UNI’s Art Gallery was packed with students, parents and faculty members on Monday night in anticipation of seeing the Annual Juried Student Art Exhibition. This year’s exhibition began with an opening awards ceremony in the Kamerick Art Building, followed by a reception in the UNI Art Gallery.

The pieces that earned awards were chosen by this year’s Juror, Jamal Currie. Currie is the Associate Professor of Fine Arts at the Milwaukee Institute of Art and Design. One of Currie’s grandparents worked in the Art Department at UNI in the 1950’s and 60’s, and his grandmother gave the department a large endowment for the future.

Multiple awards were given to students who had entered their works into the exhibition. The awards are as follows:

Who Won:

Madelyn Stillman won the Design Alumni Merit Award. James Lange and Krayton Evenson both earned the Rod Library Purchase Award. Deo Rai earned the UNI Department of Communication Studies Merit Award.

Eden Bell and Caitlin Mary Margarett earned the Harry and Rita Guillaume Award. Mackenzie Miller and Craig Johnson earned the Dr. Jeffrey Funderburk and Dr. Deedee Heistad Purchase Award. Heidi Schmidt earned the Harry K. Watts Scholarship Foundation for Graphic Design Students.

Abby Krei earned the UNI Office of Vice President and Provost Purchase Award. Sean Berg earned the UNI College of Humanities, Arts, and Sciences Merit Award. Rylie Lawrence earned the UNI Public Art Incubator Award. Melodie Anstey earned the College Hill Arts Festival Merit Award. The Raymond Performance Award went to Nicholas Blake, Anastasia Chloe, Taylor Hansen and Shannon Williams.

There were also Merit Awards given to Hanna Seggerman, Jonathan Etringer and a group of art students involved in a fifteen-minute video performance. The students involved were Anastasia Chloe, Dylan Eigenberger, Shannon Liza Williams, Michelle Patrilla, Marcelina Weaver and Taylor Hansen.

Students React:

“I was excited! I mean, nobody ever expects that they are going to win,” Hansen said. “It took us all semester to plan and film, so it took lots of different people’s expertise. I did a lot of the editing, and other people did the planning and other elements of the project. It’s cool to see it all come together, and collaboratively we decided to put it into the Juried Student Art Exhibition.”

Darrell Taylor, the Director of the UNI Gallery of Art, talked about this year’s exhibition and its juror.

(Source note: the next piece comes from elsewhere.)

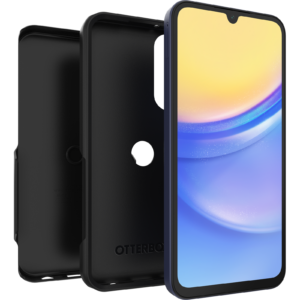 Commuter Lite for GALAXY A15 5G in Black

“Each year is a different juror, and every juror has their own particular interests and concerns that they bring to the job of being a juror. The juror that we had last year was looking at a completely different body of artwork than Currie was looking at,” Taylor said. “Currie’s particular concerns were students who were creating artwork that had some kind of political or social commentary.”

As for the students who were involved in the exhibition, Taylor says that the recognition and awards received will help them with finding a career later in life.

“In most cases, this is the very first professional show that any of these artists have been a part of, and very possibly the first award they have received in a professional setting,” Taylor said. “So, this exhibition, plus any awards that any of these students have received, are going to find their way onto resumes when they go forward onto graduate school or into their professions.”

The Juried Student Art Exhibition will be open to the public through Saturday, April 14, in the Kamerick Art Building Gallery.